Maka langkah-langkah Imam Asy’ari dalam melakukan ijtihad dalam bidang aqidah. Tak lain hanya mengembalikan aqidah sesuai dengan ajaran Nabi Muhammad Saw. Sementara itu pendapat dan sikap Ahlus Sunnah Wal Jama’ah dalam bidang aqidah, cukup sederhana saja, mereka cukup mengerti dan yakin dengan rumusan-rumusan aqidah Islam, seperti yang tertera dalam al-Qur’an dan Hadits Nabi Saw, Bagi Ahlus Sunnah, mengajukan berbagai macam-macam pertanyaan yang rumit jawabannya sekitar aqidah, adalah perbuatan yang tidak baik (tercela) dan bid’ah.
Madzhab al-Asy’ari ini-lah yang dimaksud dengan Ahlus Sunnah Wal Jama’ah yang sebenarnya, Aqidah al-Asy’riyah adalah aqidah Ahlus Sunnah Wal Jama’ah. Jika anda mendengar Ahlus Sunnah Wal Jama’ah, maka itu adalah madzhab al-Asy’ari. ataupun sebaliknya. Ahlus Sunnah Wal Jama’ah ini tidak terlepas dan selalu dikaitan kepada kedua Guru besarnya.
Sementara itu Sayyid Murtadha al-Zabidi, mengatakan dalam kitab Ihtihaf Sadatul Muttaqin, dikutip KH. Muhyiddin Abdusshomad, dalam Aqidah Ahl Sunnah Wal Jama’ah, (2009:8), Apabila disebut Ahlus Sunnah wal Jama’ah, maka maksudnya ialah orang-orang yang mengikuti rumusan (paham teologi) al-Imam Abu Hasan al-Asy’ari dan al-Imam Abu Mansur al-Maturidi.
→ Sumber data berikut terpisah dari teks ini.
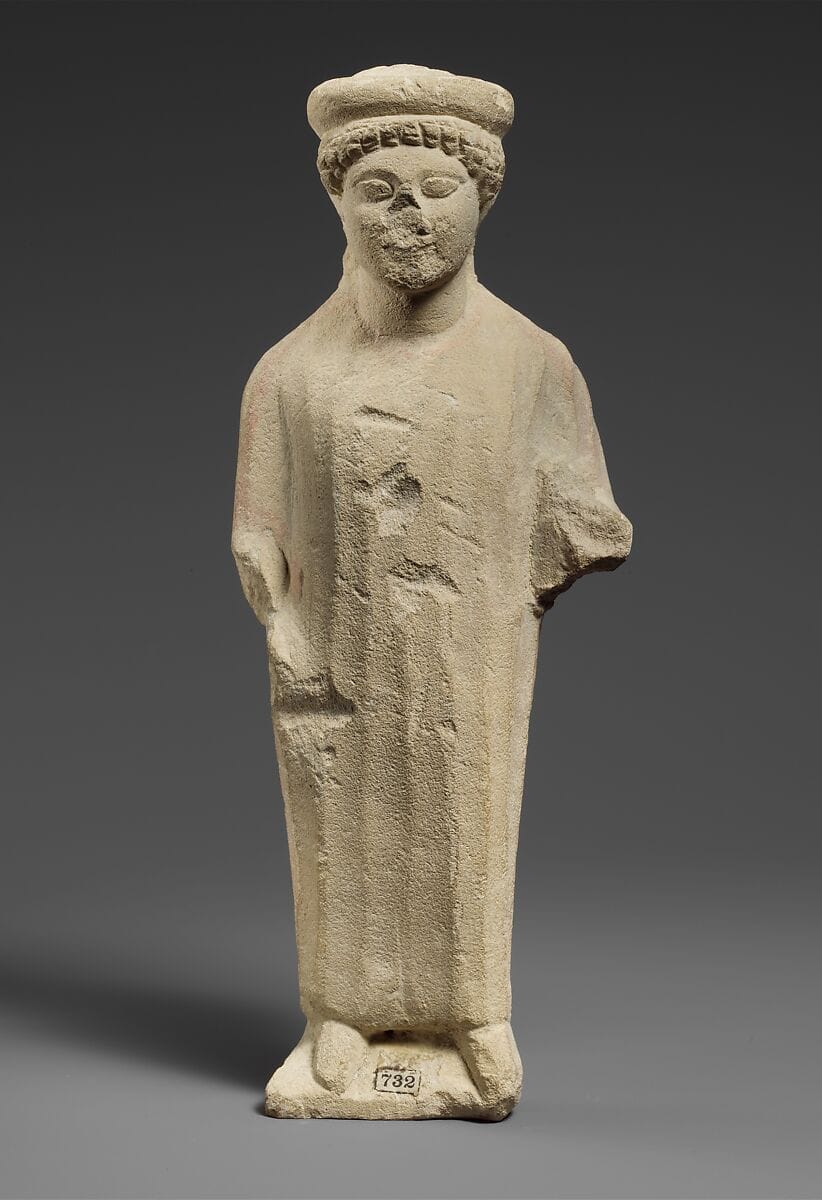 Limestone statuette of a boy with a flat headdress - image 1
al-Imam Abu Hasan Ali bin Ismail al-Asy’ari merupakan (teolog) ulama Ushuluddin dan seorang pemikir muslim perumus paham Asy’ari. al-Imam al-Asy’ari lahir di Basrah (Iraq) pada tahun 260 H/873. sebagian besar hidupnya di Baghdad dan wafat pada tahun 324 H/935, kalau dilihat tahun kelahirannya 260 H, yakni 55 tahun setelah wafatnya al-Imam asy-Syafi’i rahimahullah. Dan Imam al-Asy’ari adalah seorang Imam Ahlus Sunnah Wal Jama’ah, kendati beliau seorang Imam besar dalam bidang Ushuluddin, tetapi dalam furu’ syari’at (fiqh) beliau penganut (mengikuti) dan mempertahankan kuat madzhab Syafi’i. Beliau belajar fiqh Syafi’i kepada al-Imam Abu Ishaq al-Marwadzi. (Syaikh Abu Muhammad al-Junaidi & Abu Bakar ibn Furak dikutip Syaikh Siradjuddin Abbas, I’tiqad Ahlus Sunnah , Jakarta, Tarbiyah, 2010:208).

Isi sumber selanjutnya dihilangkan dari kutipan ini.